Have you tried Reward Charts with your daughter?

You really gave my sympathies because you must be exhausted and exasperated by it. I can understand why you'd think to get a lock because it's the easiest solution and in the midst of sleep deprivation you will do ANYTHING to get some rest. Your DH may not have agreed with you but I don't think he should have reacted the way he did either. I hope you find a solution Flowers

Crunchyside · 23/05/2017 16:03

4am isn't an early start, it's waking up in the middle of the night! Personally I would not put a lock on the door but I would take the toys away as they seem like a massive incentive to get up and play instead of rolling over and going back to sleep. Whatever room the toys are moved to, that's the room I'd put the lock on, not my child's bedroom.

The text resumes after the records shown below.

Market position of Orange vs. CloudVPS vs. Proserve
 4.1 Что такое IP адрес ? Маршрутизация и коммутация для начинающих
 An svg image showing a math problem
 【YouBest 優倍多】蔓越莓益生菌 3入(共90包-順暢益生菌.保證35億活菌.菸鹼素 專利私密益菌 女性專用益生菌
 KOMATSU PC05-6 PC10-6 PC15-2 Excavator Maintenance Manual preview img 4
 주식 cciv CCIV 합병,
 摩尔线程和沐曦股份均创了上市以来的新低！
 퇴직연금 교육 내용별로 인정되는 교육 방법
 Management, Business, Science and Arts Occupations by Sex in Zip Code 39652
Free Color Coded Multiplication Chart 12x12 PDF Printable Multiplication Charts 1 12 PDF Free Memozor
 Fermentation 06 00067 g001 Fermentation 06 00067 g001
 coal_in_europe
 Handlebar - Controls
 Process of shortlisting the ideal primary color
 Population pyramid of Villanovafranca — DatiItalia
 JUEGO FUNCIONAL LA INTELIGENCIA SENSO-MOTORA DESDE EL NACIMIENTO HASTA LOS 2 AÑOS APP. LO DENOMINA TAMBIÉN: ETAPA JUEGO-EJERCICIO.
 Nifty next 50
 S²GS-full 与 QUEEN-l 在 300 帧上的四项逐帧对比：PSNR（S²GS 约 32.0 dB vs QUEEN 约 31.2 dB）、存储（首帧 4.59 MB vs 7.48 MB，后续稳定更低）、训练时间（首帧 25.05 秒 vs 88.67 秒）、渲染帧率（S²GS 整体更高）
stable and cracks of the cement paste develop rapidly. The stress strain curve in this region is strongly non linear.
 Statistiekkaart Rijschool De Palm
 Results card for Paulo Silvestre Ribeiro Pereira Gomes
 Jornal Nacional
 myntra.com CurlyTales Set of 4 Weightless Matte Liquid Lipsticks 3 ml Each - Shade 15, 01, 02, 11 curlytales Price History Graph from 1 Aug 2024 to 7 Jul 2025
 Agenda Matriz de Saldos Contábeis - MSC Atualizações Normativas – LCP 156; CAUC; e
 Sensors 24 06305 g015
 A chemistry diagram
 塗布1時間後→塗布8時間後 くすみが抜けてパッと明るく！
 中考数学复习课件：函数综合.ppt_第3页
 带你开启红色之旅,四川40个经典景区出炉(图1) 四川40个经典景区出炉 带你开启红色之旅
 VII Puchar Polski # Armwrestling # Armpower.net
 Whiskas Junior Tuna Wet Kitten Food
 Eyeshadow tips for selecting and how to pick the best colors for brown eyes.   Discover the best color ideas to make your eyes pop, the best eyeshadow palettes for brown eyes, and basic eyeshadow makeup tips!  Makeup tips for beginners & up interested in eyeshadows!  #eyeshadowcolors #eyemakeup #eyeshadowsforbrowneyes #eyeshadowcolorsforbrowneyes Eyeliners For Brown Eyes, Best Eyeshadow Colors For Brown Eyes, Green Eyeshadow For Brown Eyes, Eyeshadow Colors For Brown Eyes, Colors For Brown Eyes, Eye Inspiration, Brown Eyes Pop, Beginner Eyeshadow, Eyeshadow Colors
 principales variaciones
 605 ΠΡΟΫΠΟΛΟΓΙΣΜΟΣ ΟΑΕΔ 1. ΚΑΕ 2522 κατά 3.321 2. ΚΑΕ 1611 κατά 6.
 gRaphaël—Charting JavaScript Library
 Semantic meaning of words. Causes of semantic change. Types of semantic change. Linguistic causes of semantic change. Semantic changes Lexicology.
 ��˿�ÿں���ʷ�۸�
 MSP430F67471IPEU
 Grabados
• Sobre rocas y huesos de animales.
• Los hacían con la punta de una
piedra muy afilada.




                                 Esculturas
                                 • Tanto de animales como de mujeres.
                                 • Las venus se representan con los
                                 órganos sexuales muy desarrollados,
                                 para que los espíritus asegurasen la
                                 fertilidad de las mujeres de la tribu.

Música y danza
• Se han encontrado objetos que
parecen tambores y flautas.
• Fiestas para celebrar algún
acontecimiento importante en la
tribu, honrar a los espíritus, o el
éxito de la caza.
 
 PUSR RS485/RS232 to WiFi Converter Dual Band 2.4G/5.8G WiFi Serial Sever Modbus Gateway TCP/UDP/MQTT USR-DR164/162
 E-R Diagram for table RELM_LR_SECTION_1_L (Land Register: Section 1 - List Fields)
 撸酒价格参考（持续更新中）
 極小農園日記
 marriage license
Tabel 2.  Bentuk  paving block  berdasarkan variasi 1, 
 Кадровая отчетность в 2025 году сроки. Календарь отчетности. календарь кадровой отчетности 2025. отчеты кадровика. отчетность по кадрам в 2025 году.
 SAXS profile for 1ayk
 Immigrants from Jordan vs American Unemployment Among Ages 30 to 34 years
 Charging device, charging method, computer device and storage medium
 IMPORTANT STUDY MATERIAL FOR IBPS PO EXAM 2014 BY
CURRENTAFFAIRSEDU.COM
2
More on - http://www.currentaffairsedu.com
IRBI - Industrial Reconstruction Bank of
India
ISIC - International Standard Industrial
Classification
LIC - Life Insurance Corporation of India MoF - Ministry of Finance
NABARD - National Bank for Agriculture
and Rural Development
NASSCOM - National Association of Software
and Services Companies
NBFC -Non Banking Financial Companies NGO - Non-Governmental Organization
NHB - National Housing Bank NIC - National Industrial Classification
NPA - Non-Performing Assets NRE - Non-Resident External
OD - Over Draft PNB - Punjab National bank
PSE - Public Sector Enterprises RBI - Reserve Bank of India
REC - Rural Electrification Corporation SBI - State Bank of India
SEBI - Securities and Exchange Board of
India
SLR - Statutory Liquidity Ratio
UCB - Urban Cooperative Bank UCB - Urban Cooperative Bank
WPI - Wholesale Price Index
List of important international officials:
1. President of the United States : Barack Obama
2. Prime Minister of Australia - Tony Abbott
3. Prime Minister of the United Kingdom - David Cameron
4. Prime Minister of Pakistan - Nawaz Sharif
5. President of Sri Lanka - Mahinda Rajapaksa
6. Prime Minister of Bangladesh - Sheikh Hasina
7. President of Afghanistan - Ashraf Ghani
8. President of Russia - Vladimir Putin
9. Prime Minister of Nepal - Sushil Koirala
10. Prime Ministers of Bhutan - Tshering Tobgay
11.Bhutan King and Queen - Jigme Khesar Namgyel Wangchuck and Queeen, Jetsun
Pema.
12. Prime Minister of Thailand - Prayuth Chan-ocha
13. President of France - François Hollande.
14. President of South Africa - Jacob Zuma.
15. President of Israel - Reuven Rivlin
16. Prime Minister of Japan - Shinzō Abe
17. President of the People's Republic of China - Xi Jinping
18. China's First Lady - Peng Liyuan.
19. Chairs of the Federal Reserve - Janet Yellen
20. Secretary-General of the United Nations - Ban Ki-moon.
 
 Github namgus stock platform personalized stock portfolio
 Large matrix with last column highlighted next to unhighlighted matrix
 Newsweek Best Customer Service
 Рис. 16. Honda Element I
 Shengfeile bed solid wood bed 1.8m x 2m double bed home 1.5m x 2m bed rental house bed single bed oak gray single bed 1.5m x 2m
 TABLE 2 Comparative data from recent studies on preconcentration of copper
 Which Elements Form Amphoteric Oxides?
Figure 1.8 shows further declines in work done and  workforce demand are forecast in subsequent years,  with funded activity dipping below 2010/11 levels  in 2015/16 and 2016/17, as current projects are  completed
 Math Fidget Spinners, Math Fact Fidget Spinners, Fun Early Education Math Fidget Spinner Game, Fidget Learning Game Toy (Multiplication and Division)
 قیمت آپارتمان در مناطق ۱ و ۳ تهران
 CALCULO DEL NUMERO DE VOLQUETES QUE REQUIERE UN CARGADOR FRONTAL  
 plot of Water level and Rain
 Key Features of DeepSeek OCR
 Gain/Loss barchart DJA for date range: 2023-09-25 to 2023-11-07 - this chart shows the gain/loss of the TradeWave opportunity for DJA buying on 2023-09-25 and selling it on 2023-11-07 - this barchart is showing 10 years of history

GrassWillBeGreener · 23/05/2017 16:04

If you can get something suitable, what about letting her have quiet music on in her room after time X, on condition that she stays in bed / in her room and doesn't disturb others by being noisy. That might give you a tool that you can use to guide her towards "it's 4:30 am you can have the music on once it's 5" or "you have to stay in your room till 6 am. you can choose whether you go back quietly and have music on, or not and you get taken back and no music". or other such lines.

Consistency will be the key, the big difficulty is often making a feasible plan and then sticking to it.

GrassWillBeGreener · 23/05/2017 16:05

Meant to say, good luck sorting something out that works for you and your family.